Task details → When you reproduce the listing, keep every word as it is and drop the pictures.

The records →
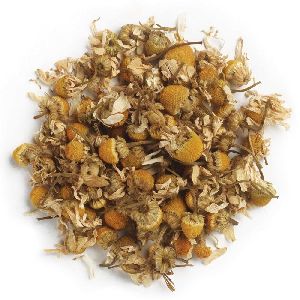 Dried Chamomile Petals
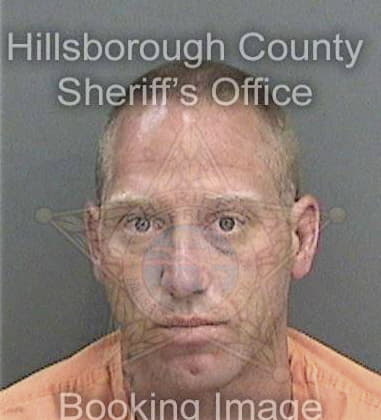 John Gamble, - Hillsborough County, FL 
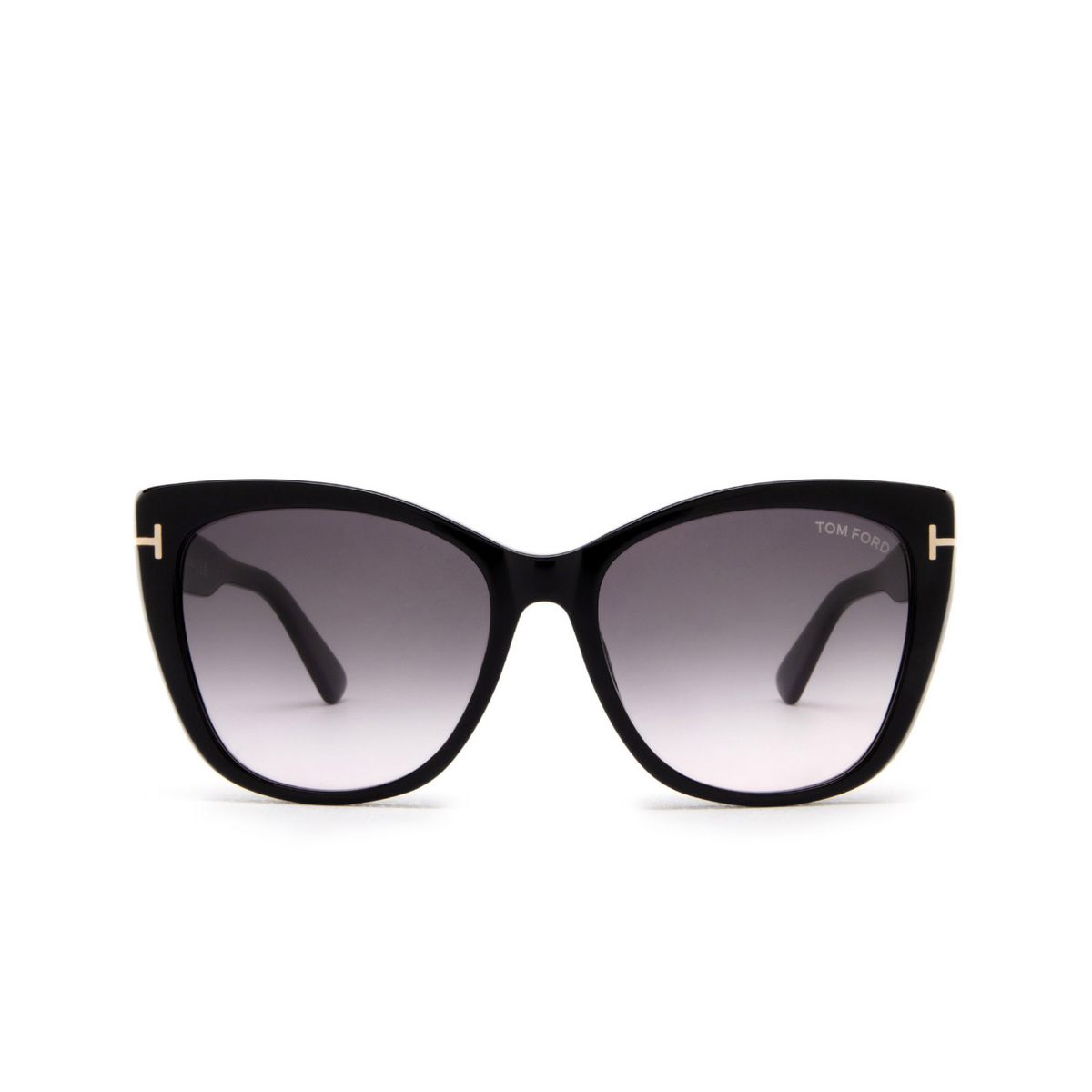 Tom Ford NORA Sunglasses - Mia Burton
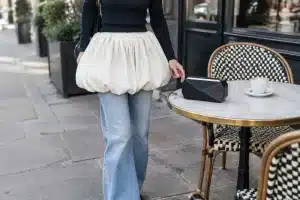 Microtendencias street style París que marcarán el otoño: 5 claves para copiar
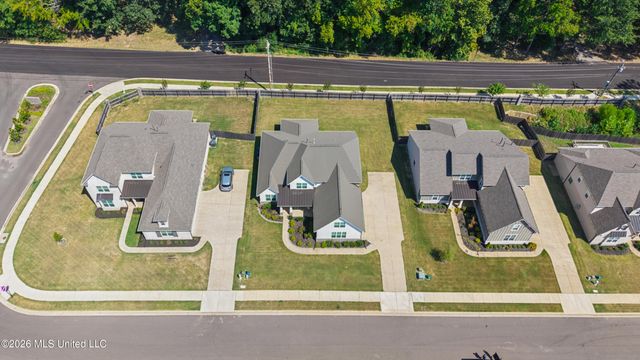 6934 Sunrise Loop, Olive Branch, MS 38654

Task response →
 Dried Chamomile Petals
 John Gamble, - Hillsborough County, FL 
 Tom Ford NORA Sunglasses - Mia Burton
 Microtendencias street style París que marcarán el otoño: 5 claves para copiar
 6934 Sunrise Loop, Olive Branch, MS 38654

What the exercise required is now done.